MR. MAJESTYK lands a "less is more" actioner
Directed by Richard Fleischer
Written by Elmore Leonard
Starring Charles Bronson, Al Lettieri, Linda Cristal, and Lee Purcell
Running Time: 1 hour and 43 minutes
MPAA Rating: PG (?!)
by Iran Hrabe, Staff Writer
Kino Lorber continues to do the Lord’s work by giving hidden gems a second life with new transfers and new Blu-Ray releases. Not only does this new 2K transfer of this Charles Bronson flick look great, but its release is a great excuse to take a look at this surprisingly unique movie. Boasting a screenplay by mystery novelist Elmore Leonard, Mr. Majestyk tells the tale of a man who just wants to harvest some damn watermelons. Bronson plays the titular Mr. Majestyk, a melon farmer who runs afoul of the local backwoods mob and a bloodthirsty hitman who impede his melon harvest at every turn. It sounds like a goof, but I’m not kidding when I say that Majestyk’s main drive throughout the film is to harvest those melons come hell or high water. If you know anything about the types of tough guy characters Charles Bronson portrayed, you know it was a mistake for these ruffians to come between this man and his melons, and the road to their comeuppance is laced with car chases, shootouts, and a truly cruel and unusual treatment of a warehouse full of watermelons.
Mr. Majestyk isn’t some sort of all-time great, but man is it fun if you’re in the mood to watch Charles Bronson at his absolute peak. Released the same year as the first Death Wish (1974), Bronson was never going to win any Oscars with his wooden line reading, but his presence is undeniable. Al Lettieri (The Godfather) provides an excellent foil to Bronson’s Majestyk in the hitman Frank Renda. Though the reasoning for Renda’s dogged pursuit of assassinating Majestyk is convoluted at best and totally nonsensical at worst, this is a mid-70s action flick so none of that really matters. What matters is Lettieri has mobster gravitas and wild eyes that sell the part, and it’s a damn shame he died of a heart attack a year after this film was released because his unhinged energy does a lot of this movie’s heavy lifting.

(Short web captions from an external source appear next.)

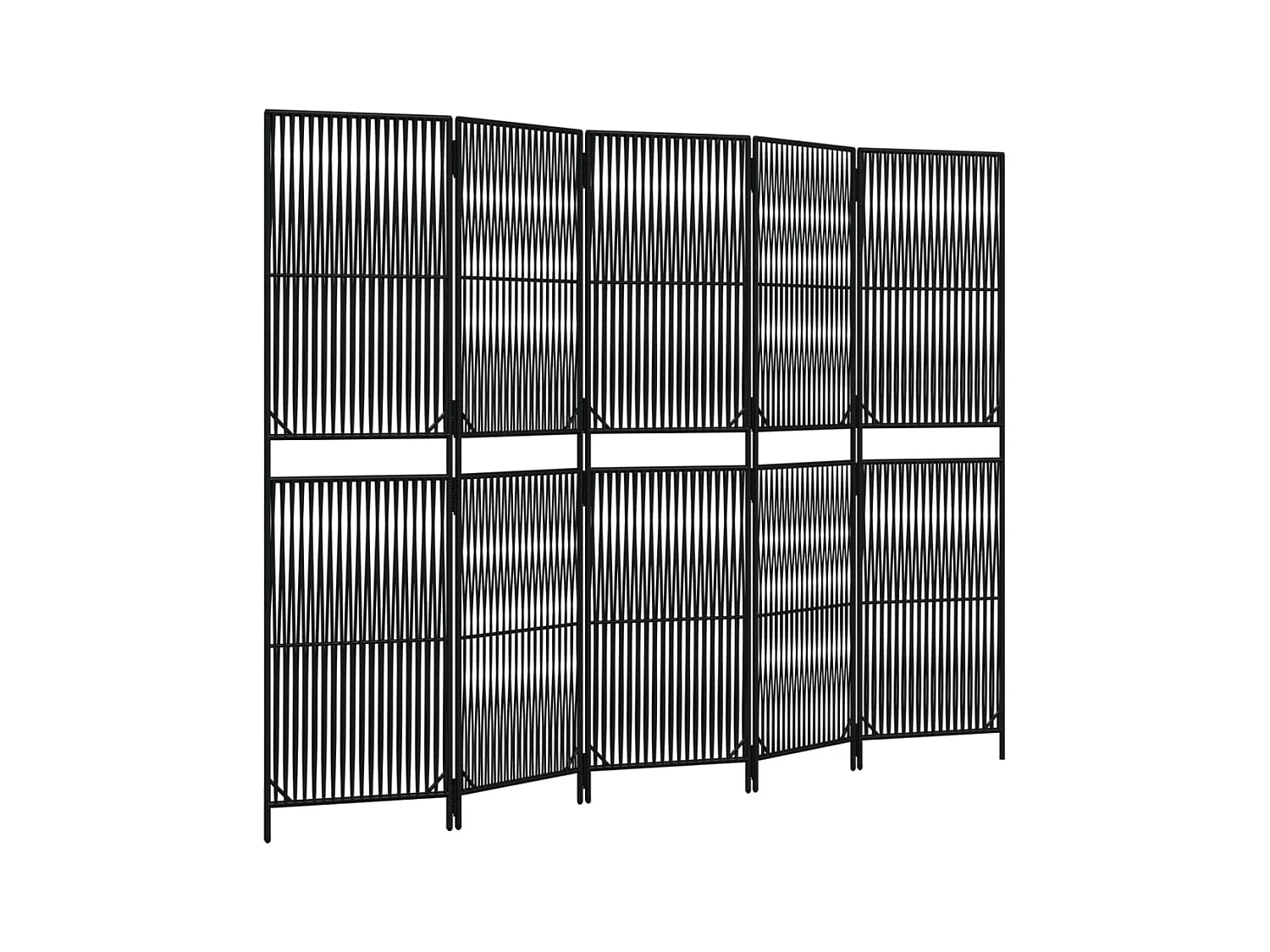 5-delige scheidingswand van zwart kunstharsriet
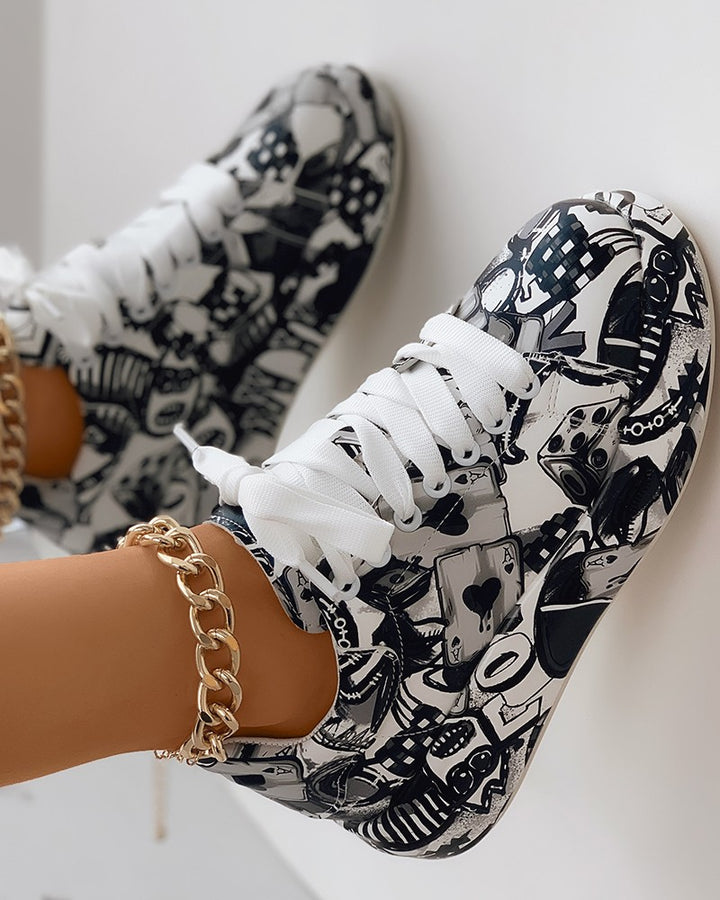 Stella - Sneaker Schoenen met Graffiti Ontwerp voor Dames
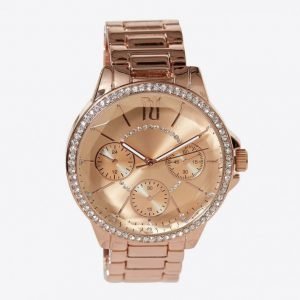River Island Faceted Detail Watch Kello Rosegold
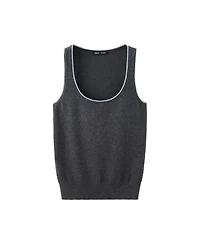 Mango Women's Scoop Neck Contrast Trim Sleeveless Tank Top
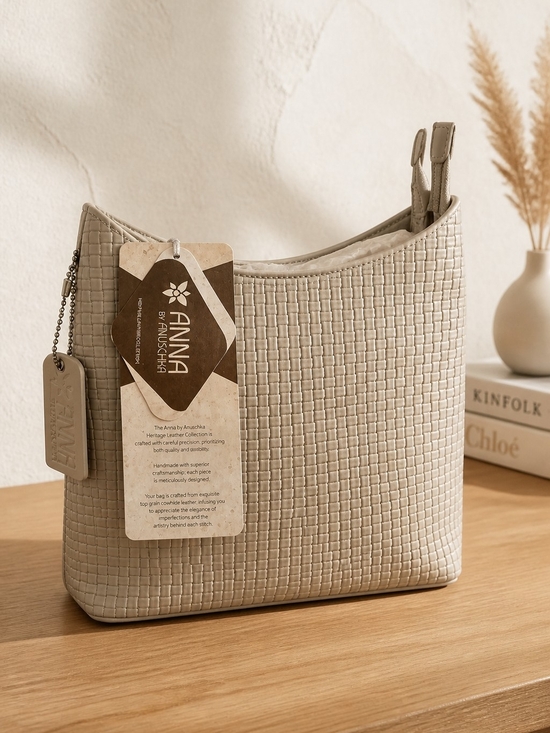 Anuschka Handbags - NWT Anna by Anuschka Heritage Leather Woven Shoulder Bag Taupe Cream Purse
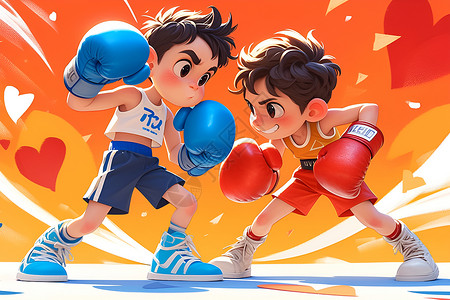 两个小男孩在打拳击高清图片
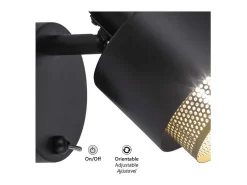 Aplique Para Pared-Aplique a pared modelo Vasil acabado , 13cm(alto) 109cm(ancho) 17cm(fondo) Negro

Honestly, that’s pretty much it. There’s not a lot to this movie and that’s one of the reasons why it works so well. It’s one of those movies that makes you realize that the old saw “less is more” is true more often than it’s not. There’s no overthinking here. Honestly, with the way they set up the Majestyk vs. Psychotic Hitman plot, you could argue that there isn’t any thinking period. Yet despite the surprisingly inelegant setup in the script from someone considered a literary master of the mystery/thriller genre (Elmore Leonard’s works have been adapted into films like Jackie Brown, Out of Sight, Get Shorty, and the TV series Justified to name a few), this movie knows what it is and doesn’t make any bones about it. It’s an ordinary-man-pressed-into-vigilantism flick that feels like a perfect double feature for Death Wish. Sure Bronson isn’t any sort of great actor, but he has something that you learn at Julliard that led him from the coal mines of central Pennsylvania to five decades of tough guy work in Hollywood.